Reproduction without pictures: print every entry precisely as written.
### Exercise inputs ###
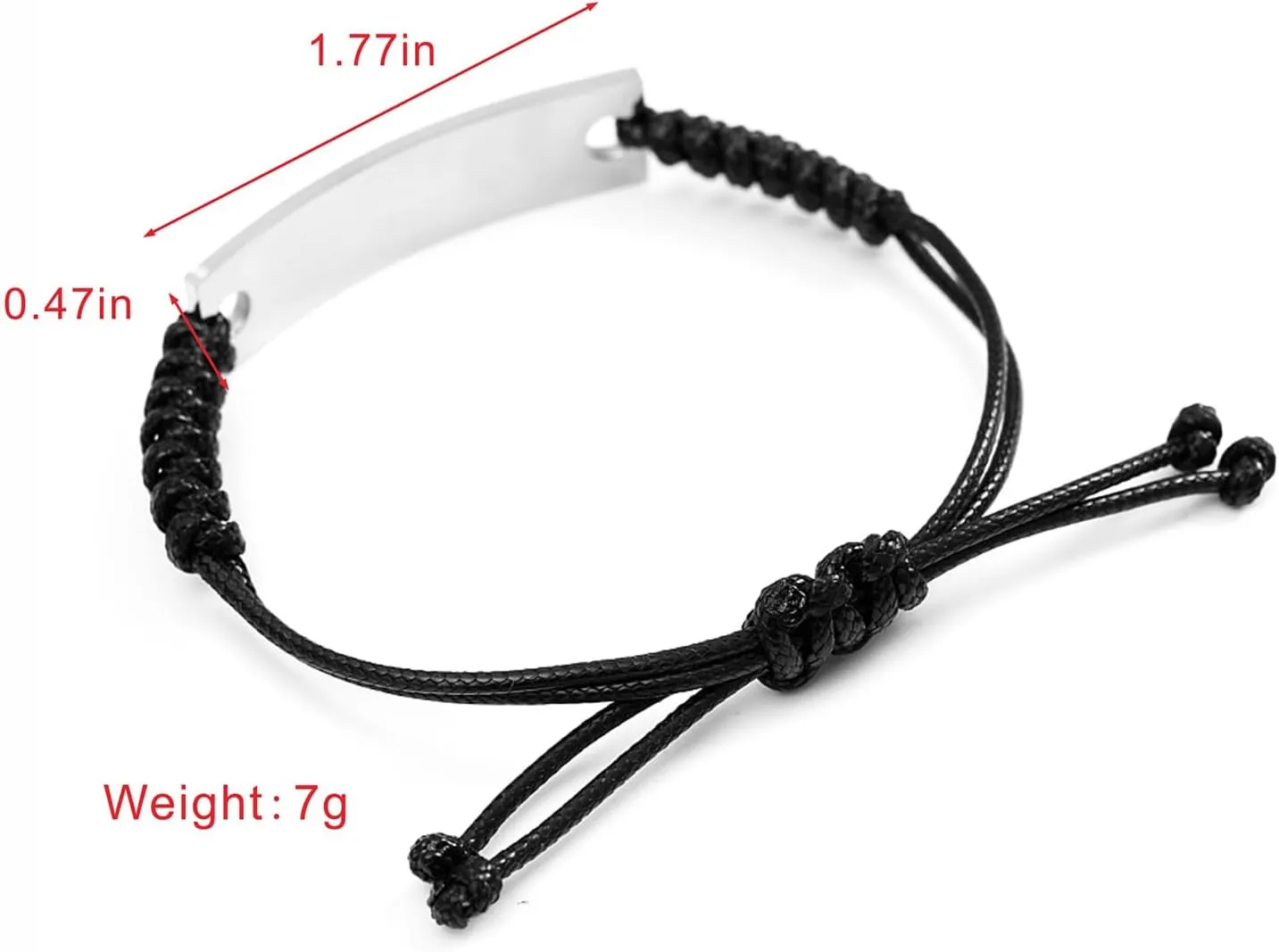Kisseason Stainless Steel Best Family Ever Bracelet for Men Women Mantra Jewelry
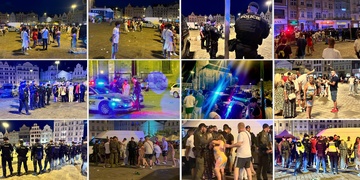 Rvačky na festivalu romské kultury v centru Plzně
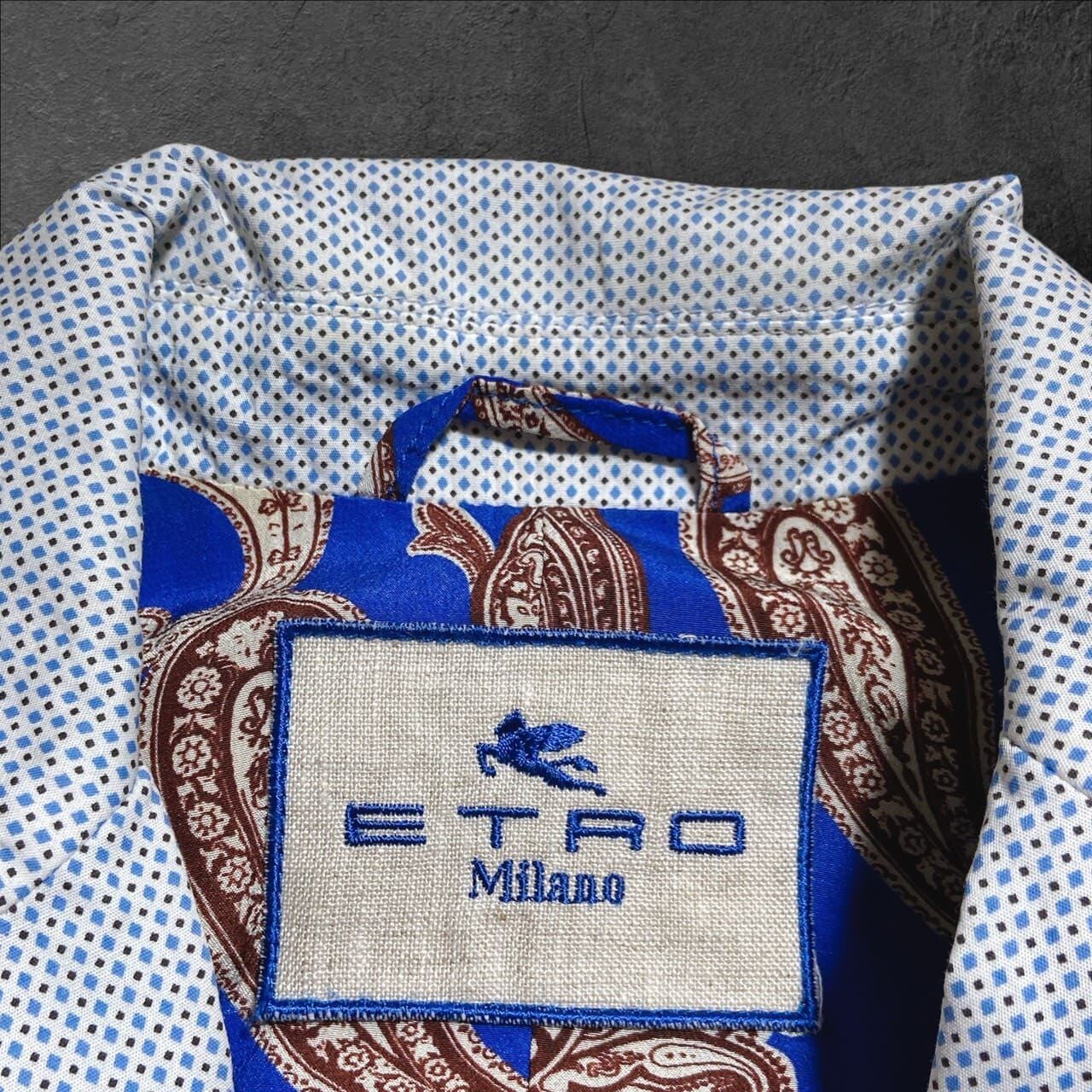 ETRO エトロ テーラードジャケット ペイズリー柄 スカーフ柄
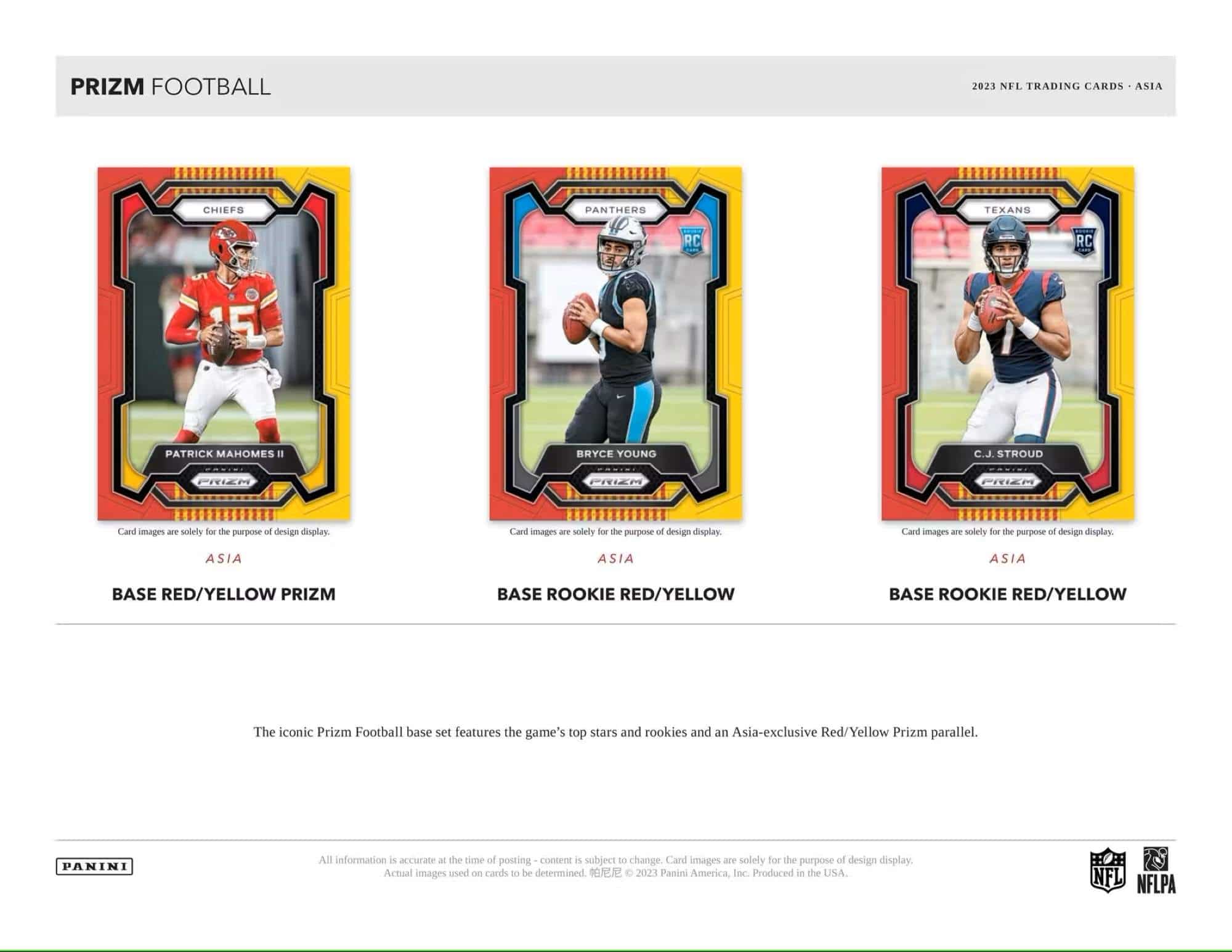2023 Panini Prizm Football NFL Asia Box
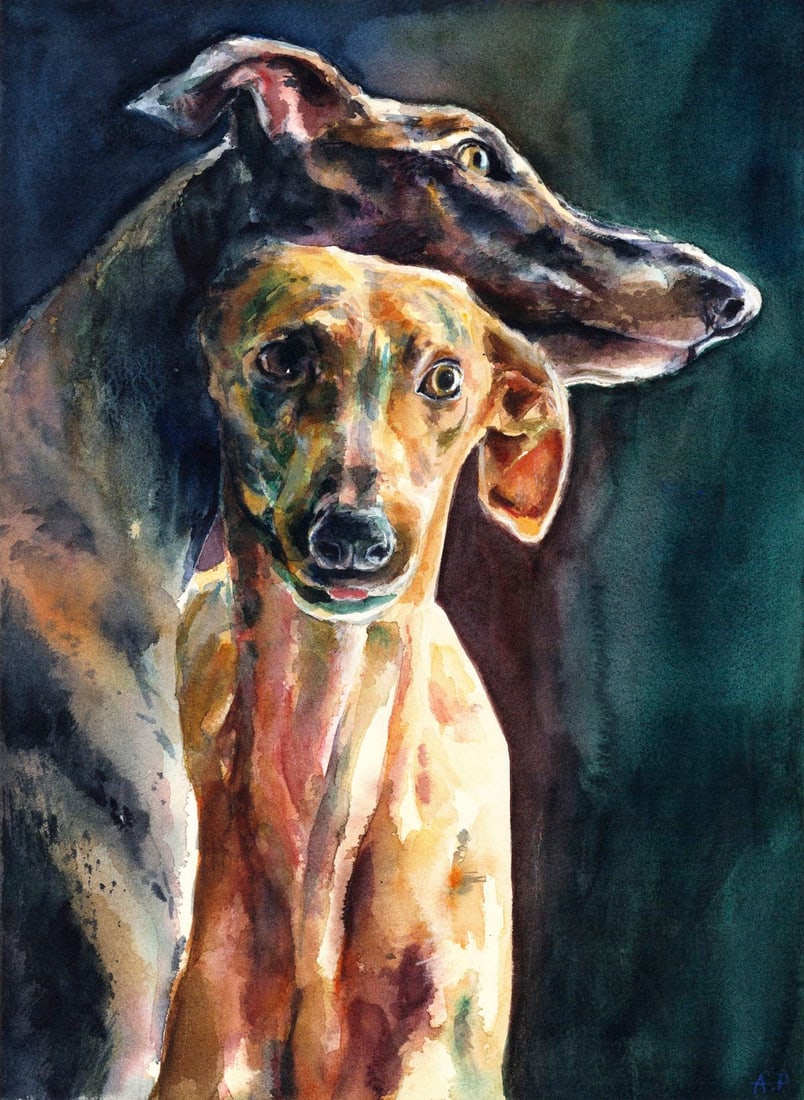 Angelina Potyomkina (Ukraine,20/21C) watercolor painting (1 of 13)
###
• [Worked solution]:
Kisseason Stainless Steel Best Family Ever Bracelet for Men Women Mantra Jewelry
 Rvačky na festivalu romské kultury v centru Plzně
 ETRO エトロ テーラードジャケット ペイズリー柄 スカーフ柄
2023 Panini Prizm Football NFL Asia Box
 Angelina Potyomkina (Ukraine,20/21C) watercolor painting (1 of 13)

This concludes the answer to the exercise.